The kids are nice and tired - which is gReAt for me, since getting back to work after 2 weeks of laying around and sleeping in is less then an appealing idea.
Can I be on permanent vacation but still get paid?
In all honesty, long breaks aren't that great for me, since it gives me WAY to much time to sit around and think. I really struggled with my anxiety the last few weeks. This topic is worthy of a novel-lengthed blog entry or an entire 60 minute Oprah show, so I'll save that for later.
I'm working very hard at keeping positive, trying to stay out of my head (as my mom says, "Stay our of your head - it's a bad neighborhood." Which is very true. And if you deal with anxiety - you know JUST what my mom is talking about. We manifest the worst and then obsess over it. It's sounds so healthy, doesn't it?!?).
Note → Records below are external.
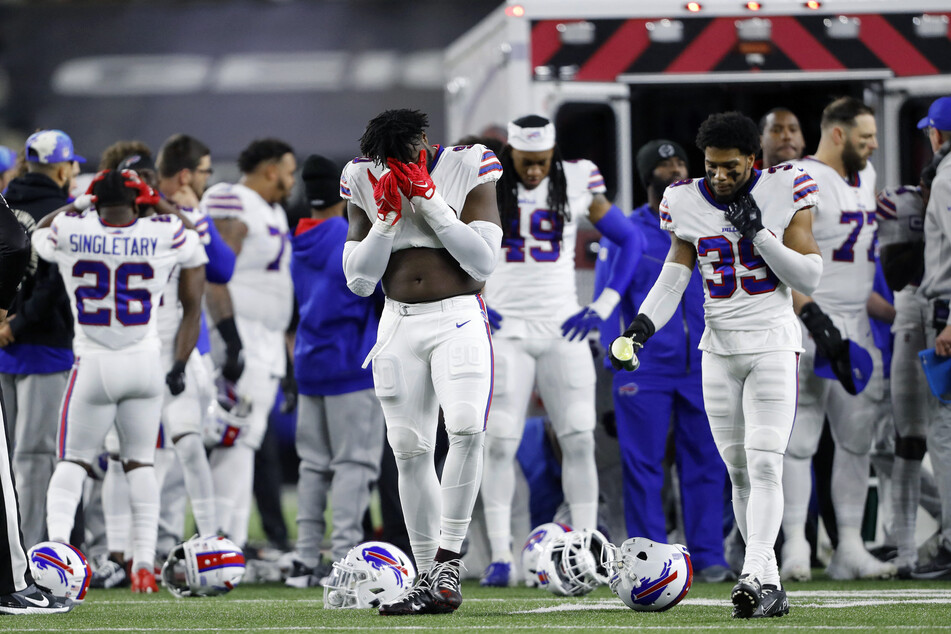 Buffalo Bills players were left distraught as their teammate Damar Hamlin was taken away in an ambulance.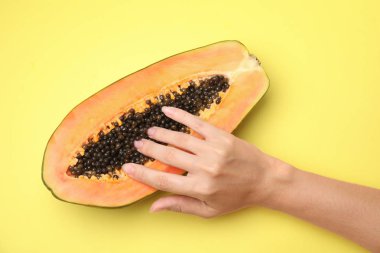 Sarı arka planda papaya 'nın yarısına dokunan genç bir kadın. Seks konsepti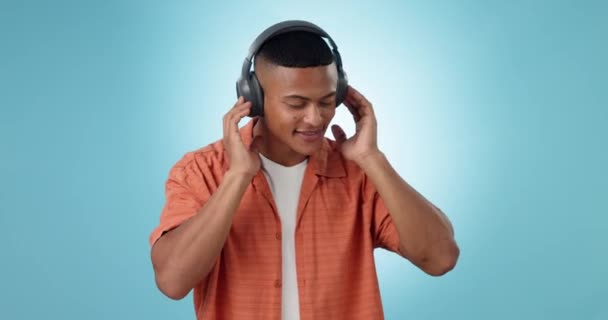 Headphones, dancing and young man in a studio listening to music, playlist or album for entertainment. Happy, smile and male model from Mexico streaming or radio with technology by blue background - Footage, Video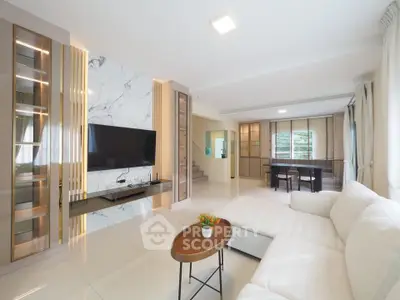 Spacious modern living room with elegant marble wall and cozy seating area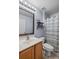 Bathroom featuring a wood vanity, mirror, shelving, and tiled floor at 38 Lakeview Reserve Blvd, Winter Garden, FL 34787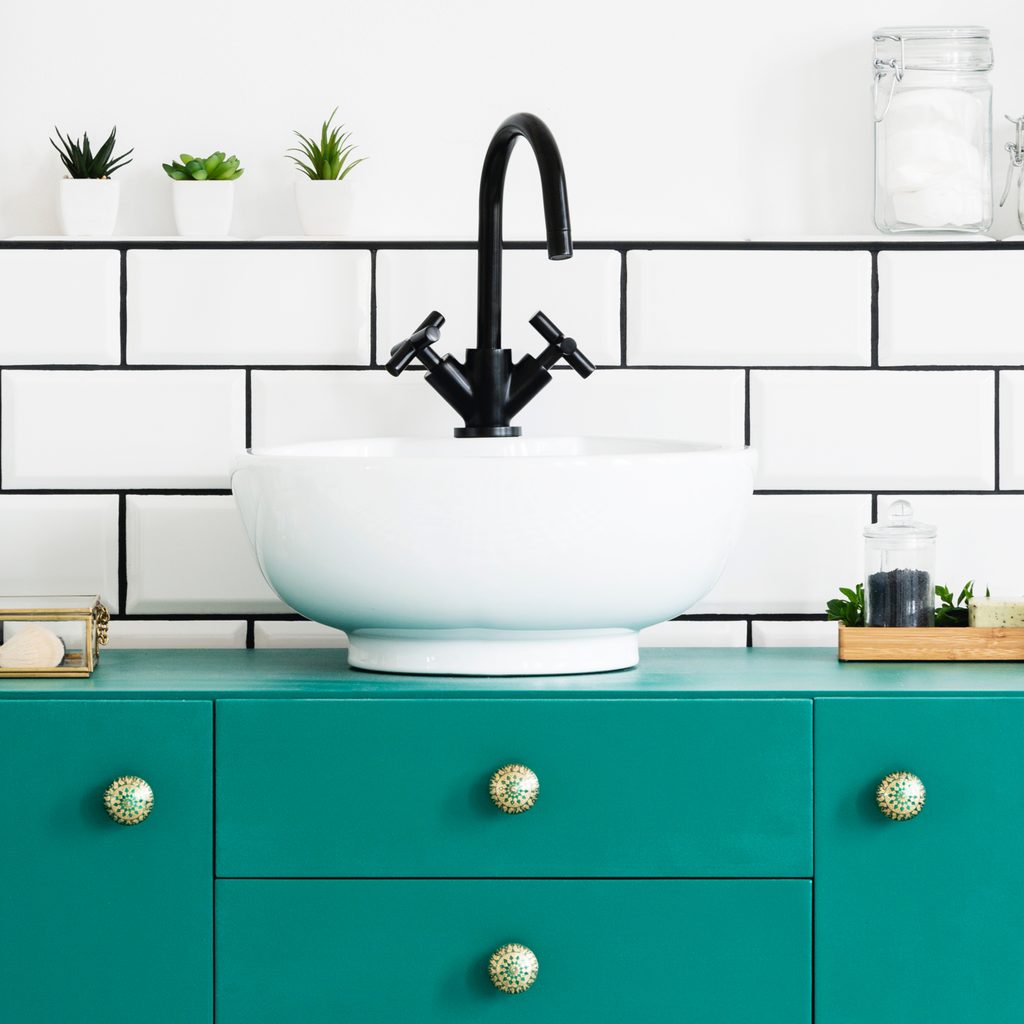 Bathroom with green vanity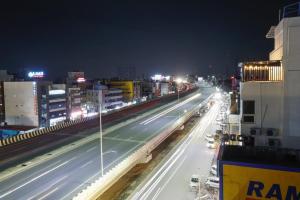 a city street at night with buildings and street lights at Hotel Galaxy Park in Shamshabad +14 photos
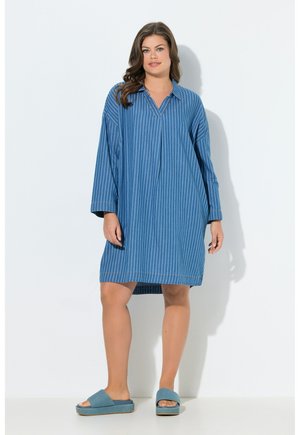 Donna con un abito blu a righe sottili, ampio e a maniche lunghe, e sandali blu senza lacci, in piedi su sfondo bianco.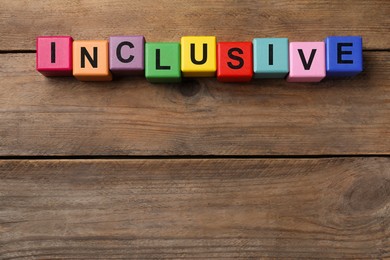 Photo of Colorful cubes with word Inclusive on wooden table, flat lay. Space for text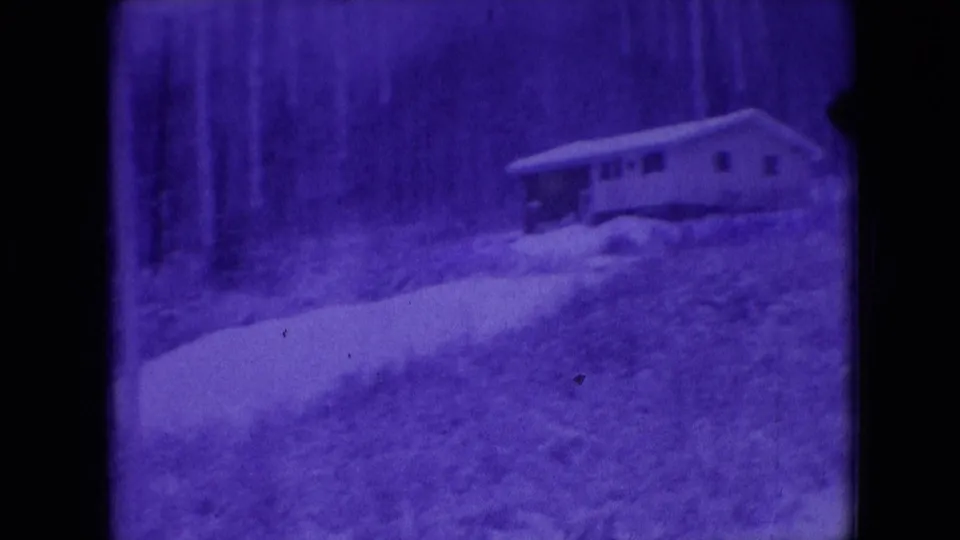 Athens, Ohio 1966 8mm frame showing a small house beyond a snow-covered yard, with bare woods and a winding path in the foreground.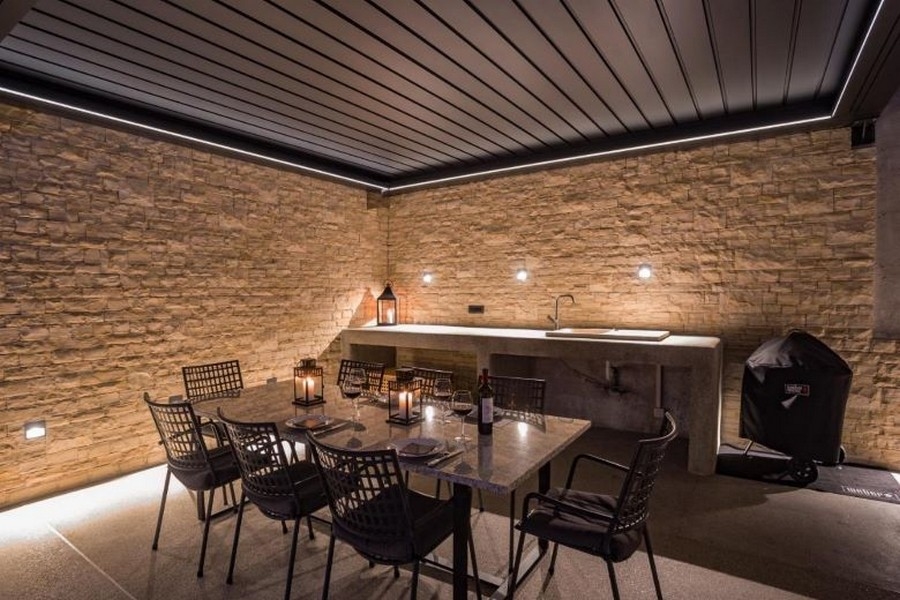 Krytý vonkajší priestor s jedálenským kútom a grilom, obklopený kamennými múrmi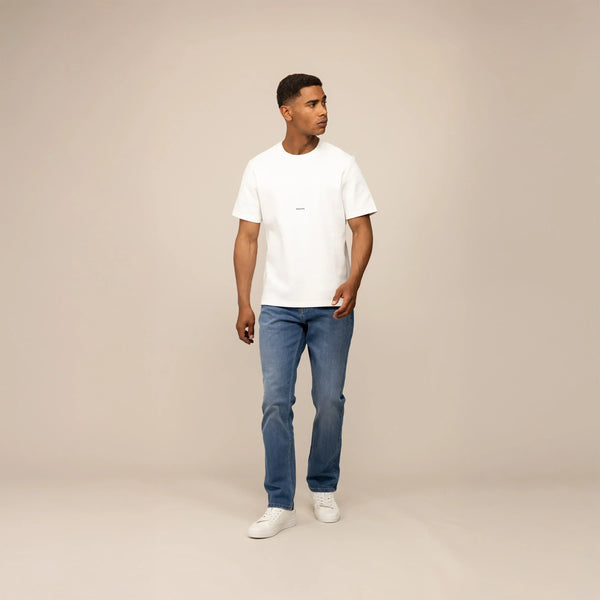 Man wearing Marame Straight Leg Denim Jeans in Classic Wash, front view.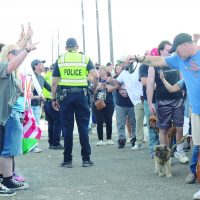Police standing to keep the peace between protesters and event attendees in line.
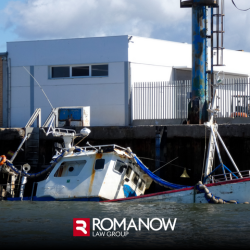 A damaged boat sinking into the water in Portland, ME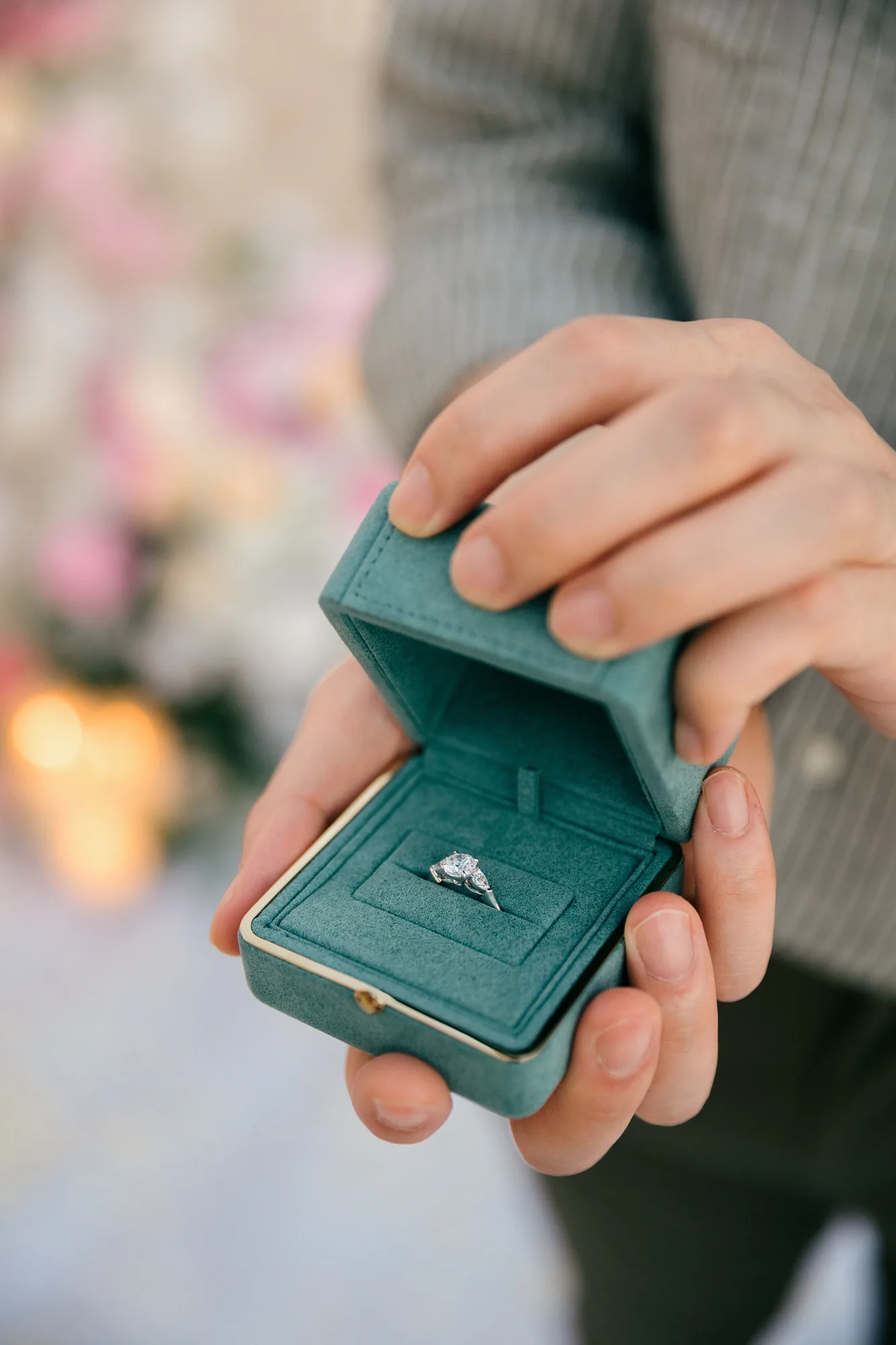 Hand holding an open ring box with an engagement ring at a Bali beach proposal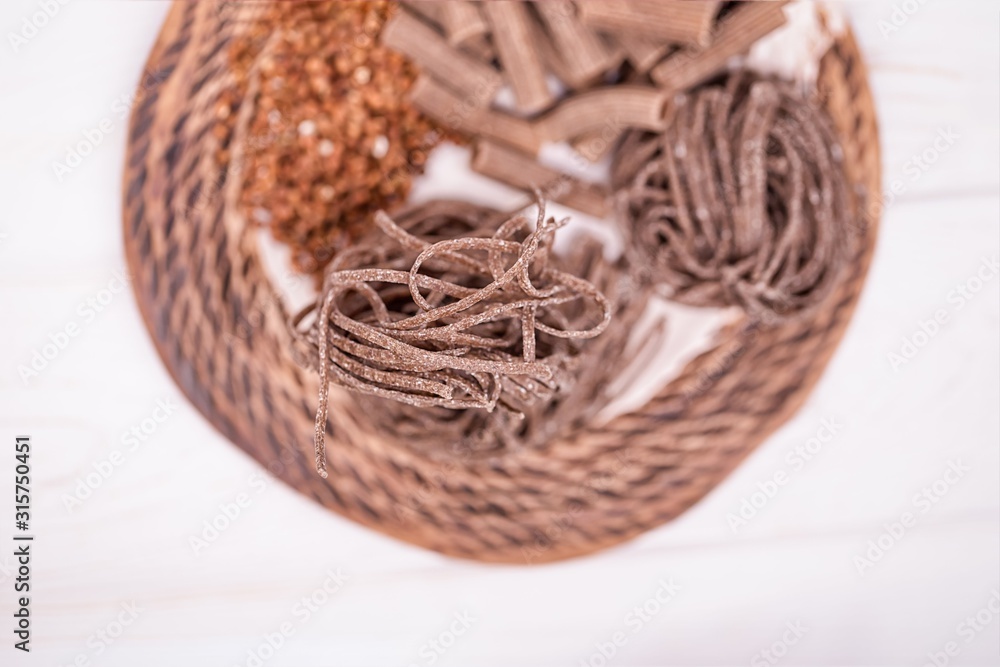 Brown raw buckwheat pasta, noodles and buckwheat groats on a white background. Gluten free concept. Copy space
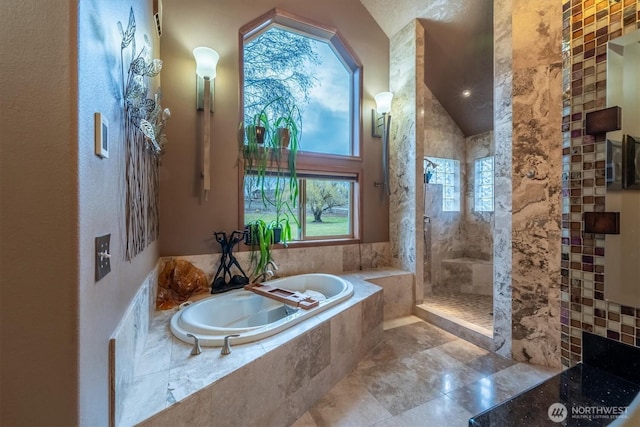 full bath featuring a garden tub and walk in shower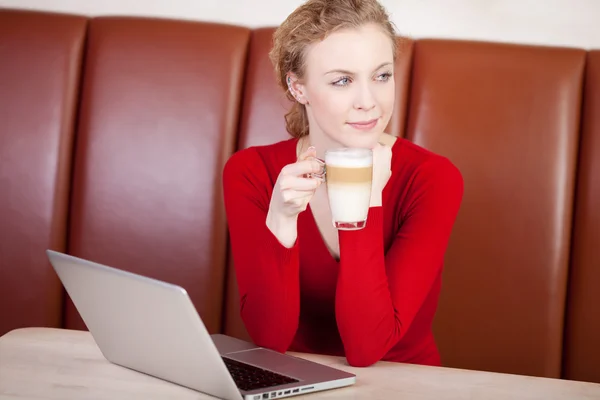 Femme avec ordinateur portable rêvant dans un café — Photo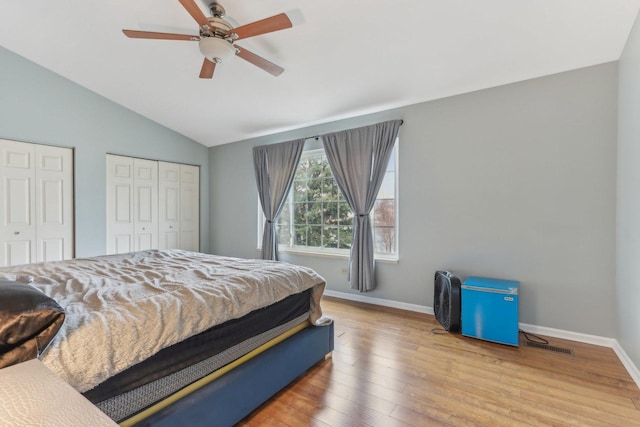 bedroom featuring two closets, vaulted ceiling, ceiling fan, and light wood-type flooring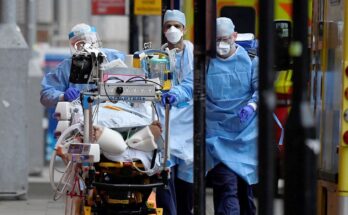 Medical workers move a patient between ambulances during the COVID pandemic. Pic: Reuters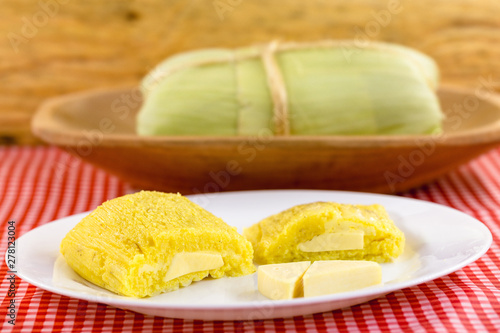 Pamonha, Brazilian sweet corn with cheese filling. Pamonha typical of Brazil, food of the state of minas gerais and goiais. Concept of traditional food. Brazilian food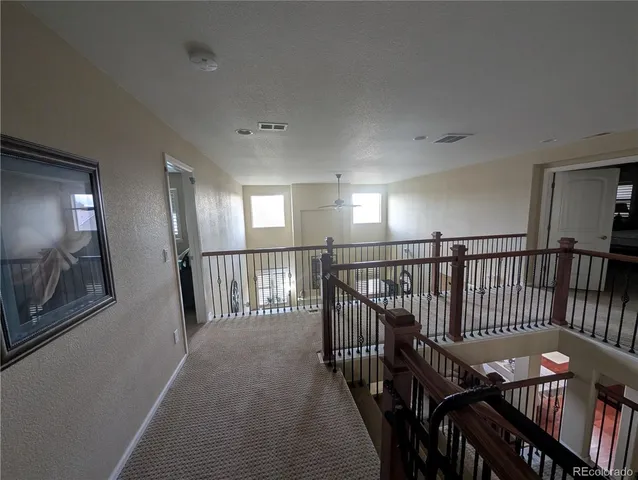 a view of a hallway with wooden floor stairs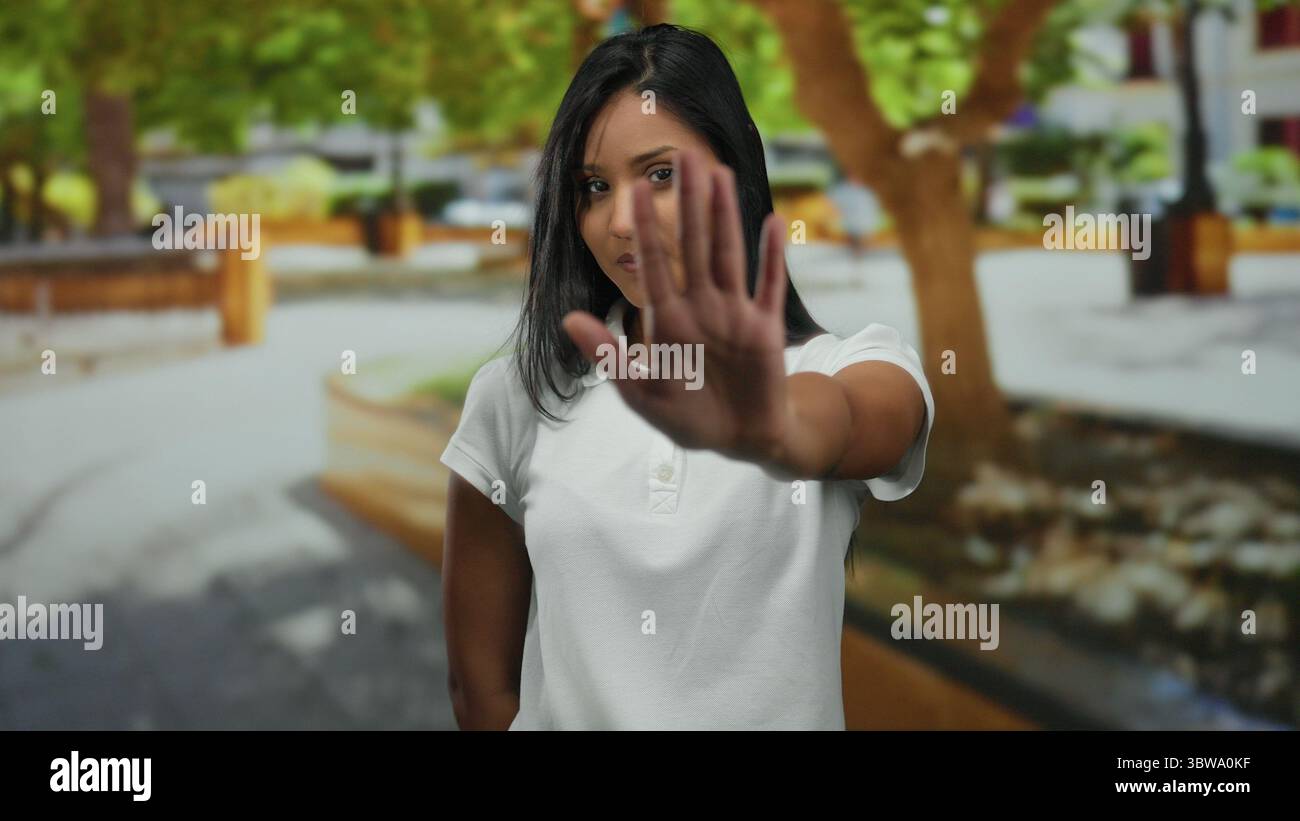 Jeune femme à l'extérieur dans un parc avec arrêt de signalisation à main prolongée, entourée d'arbres verts vibrants et de fond urbain, exprimant la confiance et comme Banque D'Images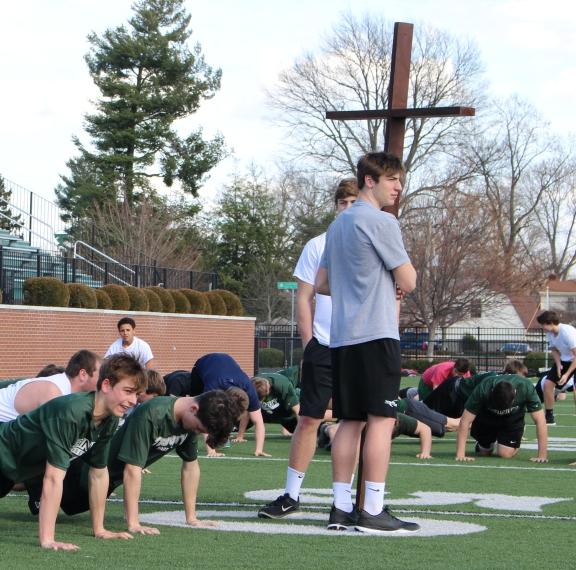 The spring sports teams took part in a Stations of the Cross workout this past Friday afternoon inside Trinitys Marshall Stadium.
Our break was a bit of a struggle - including having to leave in the middle of the night from Jay's parents house in Spokane and drive ALL THE WAY HOME because my asthma got so bad, a broken refrigerator upon our arrival, a paper due for our (LAME!) class that the state makes us take for our teaching certificate (because you know - I'm not a good teacher unless I write a few papers, proving my abilities), blah, blah, blah.
So in an effort to giggle and remind myself of the small blessings in life, I share with you (drum-roll please) ... a couple cute things my kids said to me today:
Student: Mrs. Stookey, do you want to know what I got for Christmas?
Me: I SURE do!
Student: An electric scooter and my two front teeth.
* * * * *
Me: Does anyone want to talk about what you did for New Year's Eve?
Student: On New Years Eve we ate a lot of cheese, fish and crackers.
Me: Oh, that sounds yummy! Is that a family tradition?
Student: No, my mom and dad are not eating milk, cheese or meat for the month of January so we ate a bunch before January.
Me: Oh, interesting. How come?
Student: Well, it's their New Years "Revolution".
And questions from students that I'm supposed to know the answer to because I teach 1st grade and 6 year-olds are curious:
- How tall is the Statue of Liberty?
- What is the difference between a Space Shuttle and a Rocket?
- How did they build the Statue of Liberty?
- What does it say on the Statue of Liberty's book?
- How does a Rocket land back on Earth?
- The statue itself is 151ft tall. From the pedestal to her foundation, she is 305ft tall
- "A Space Shuttle IS a rocket." But "the rocket is what provides the blast you see at the launch. When it gets to a certain height, it will detach itself from the shuttle - which is the vehicle that will go into space and contains the people on board." This answer confused me. First they said it IS a rocket, but then they go on to tell me the difference. Huh?!? I don't get it ... and so I remained uninformed ... and my attention span for Google quickly faded. So the remainder of the answers sounded something like this ...
- Very slowly kid ... very slowly; and with many, many parts. Mainly metal.
- The Statue of Liberty's books says, "None of your business Pal. Now scat."
- It doesn't land. It stays in space forever. Whoever is on it also lives in space forever.
And then I quietly giggled ... counted my blessings ... and enlightened the kids on everything Space Ship, Rockets, and Statue of Liberty.